Artificial Neural Networks (ANN) consist of multiple layers interconnected. Mainly there will be an input layer, output layer and one or more hidden layers. Inspired by the biological neural networks, ANNs have nodes which mimics neurons in human brain.
The input layer receives raw data to be processed and pass it to the hidden layers to process it. After the initial processing, the data will be passed to the output layer for classification or regression tasks. As demonstrated in the title schematic, each neuron creates a weighted sum of its inputs as a scalar quantity and passes it to a function called activation function. Activation functions are also called transfer functions as it helps to enable the process of result extraction at the output of a node.
Significance of Activation Functions in Neural Networks
Activation functions helps to map the output of a neural network within a range like $(0,1)$ or $(-1, +1)$. For instance, if the trend or characteristic of the output is like linear function extending from $-\infty$ to $+\infty$, nonlinear activation function can be used to confine it in a finite range. The output transferred to finite range are easy to understand and interpret.
Figure 1. Output behaviour without activation function (source: saylordotorg.github.io)
The essential characteristics of activation functions are as follows:
- The activation functions should be differentiable. This means we should be able to track the change in $y$-axis (vertical axis) of an activation function in response to the $x$-axis (horizontal axis). The ratio of change in $y$-axis to the change in $x$-axis between any two distinct points on a line is called slope.
- The activation functions should be monotonic. The monotonic functions will either increase or decrease in the entire range of consideration.
The following part of this article gives a glimpse of commonly used activation functions in neural networks.
Figure 2. Sigmoid activation function (source: Wikipedia)
The sigmoid function confine to the range of 0 to 1. The probability of any outcome also belongs to the range of 0 to 1. Hence, sigmoid function serves as a suitable choice of activation function in models which are meant to predict probability.
The sigmoid function is also called logistic activation function as it is used in logistic regression for binary classification. Softmax function is more generalized version of the logistic activation function used for multiclass classification.
The softmax function is differentiable as well as monotonic in nature. However, the derivative of this function is not monotonic. The sigmoid function output is not zero-centered and often encounter vanishing gradient problem. This increases the model complexity.
Rectified Linear Unit (ReLU)
Figure 3. ReLU activation function (source: Analytics Vidhya)

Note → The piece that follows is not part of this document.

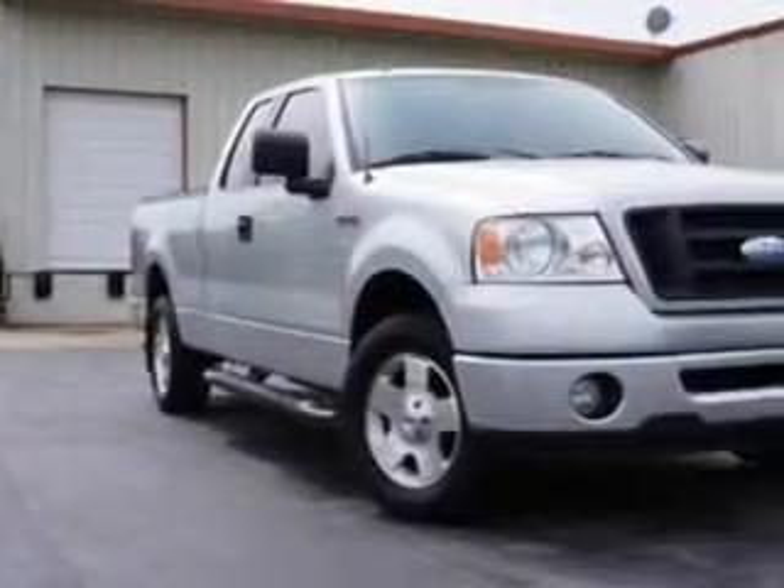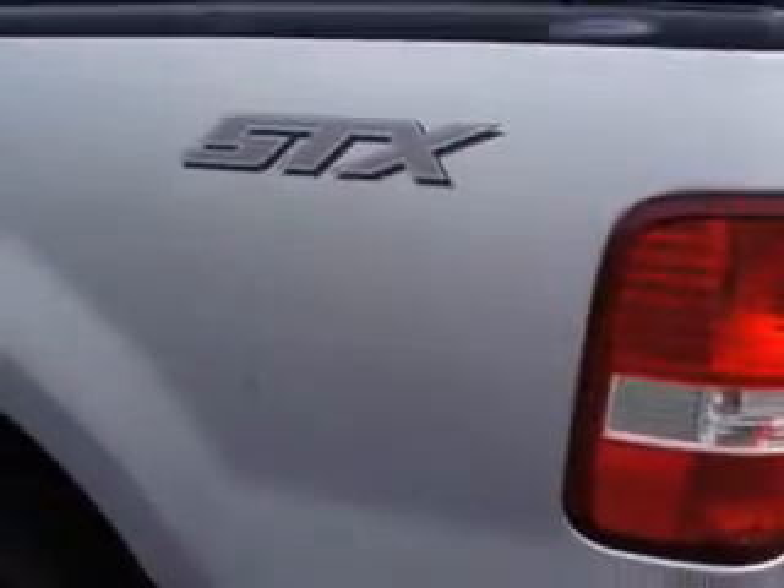Riverside Autoplex of Muskogee knows you want more in a car. You have a purpose for your vehicle. Check out the silver metallic clearcoat 2006 Ford F-150 Super Cab STX, equipped with an 8-cylinder engine and an automatic transmission.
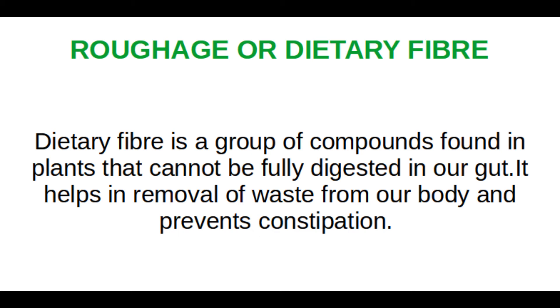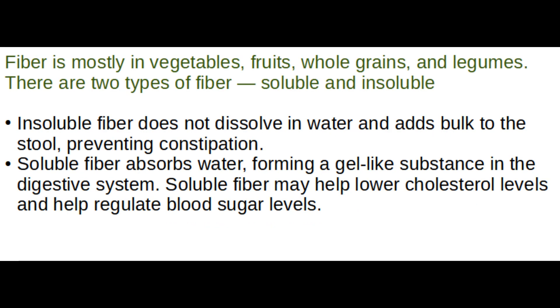What is constipation? Constipation is a condition where a person feels difficulty to pass motion. Fiber is mostly present in vegetables, fruits, whole grains, and legumes. There are two types of fiber: soluble and insoluble. Insoluble fiber does not dissolve in water and adds bulk to stool, preventing constipation. Soluble fiber absorbs water, forming a gel-like substance in the digestive system, and may help lower cholesterol levels and regulate blood sugar levels.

As the name suggests, ReLU follows a partially rectified pattern as demonstrated in Fig.3. ReLU is nowadays a favorite choice of activation function in most convolutional neural networks. The range of ReLU is 0 to infinity. The function as well as its derivative is monotonic in its characteristic behaviour.

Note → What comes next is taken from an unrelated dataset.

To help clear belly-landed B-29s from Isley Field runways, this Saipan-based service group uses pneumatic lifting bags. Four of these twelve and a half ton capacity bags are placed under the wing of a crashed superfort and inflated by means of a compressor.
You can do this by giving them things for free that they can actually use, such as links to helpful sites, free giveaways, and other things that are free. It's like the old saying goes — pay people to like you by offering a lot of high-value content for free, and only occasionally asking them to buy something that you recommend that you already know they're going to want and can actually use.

ReLU fails to fit the entire data if it is a mix of positive as well as negative values. As rightly demonstrated in Fig.3. , $R(z)$ is zero for $z$ values less than zero. This implies ReLU converts the negative input values to zero which in turn results in inappropriate mapping of negative data points. This situation is called the dying ReLU problem. Leaky ReLU is an activation function with slight modification to ReLU to overcome the dying ReLU problem.
Figure 4. Leaky ReLU activation function (source: Papers With Code)
The range of leaky ReLU function is from $-\infty$ to $+\infty$. As evident in Figure 4., while using the leaky ReLU function, the function $f(y)$ will not dye out for negative input values of $y$.
The typical value of the coefficient “$a$” is 0.01. In some problems, $a$ is assigned with random values different from the value 0.01. Such ReLU functions with randomly assigned “$a$” values are called Randomized ReLU. ReLU functions and its derivatives in general are monotonic.
Hyperbolic tangent (Tanh)
Figure 5. Tanh activation function (source: Papers With Code)
Tanh is an activation function with S-shaped response as in the figure in the range $-1$ to $+1$. It is mainly used for classification purposes. The Tanh activation function maps the zero input values to nearly zero values and the negative values in input data to strongly negative values.
The Tanh function is monotonic in response and differentiable. However, the derivative of the Tanh function is not monotonic. The Tanh function is more similar to the sigmoid function and hence this function is computationally expensive.
Although there are no hard and fast rules to select an activation function for a particular problem, the following remarks could be helpful to make the right choice of activation function.
- ReLU is an activation function that can be suitable in most cases. Leaky ReLU and randomized ReLU can rescue in cases where we encounter dead neuron problems.
- Sigmoid function or Tanh function or the combination of both functions can be a suitable choice for classification tasks. However, precautions should be taken to tackle the vanishing gradient problem.
- ReLU can be tried as a first choice in most of the tasks. In cases where further better optimization of output is required, other activation functions and their combinations can be tried.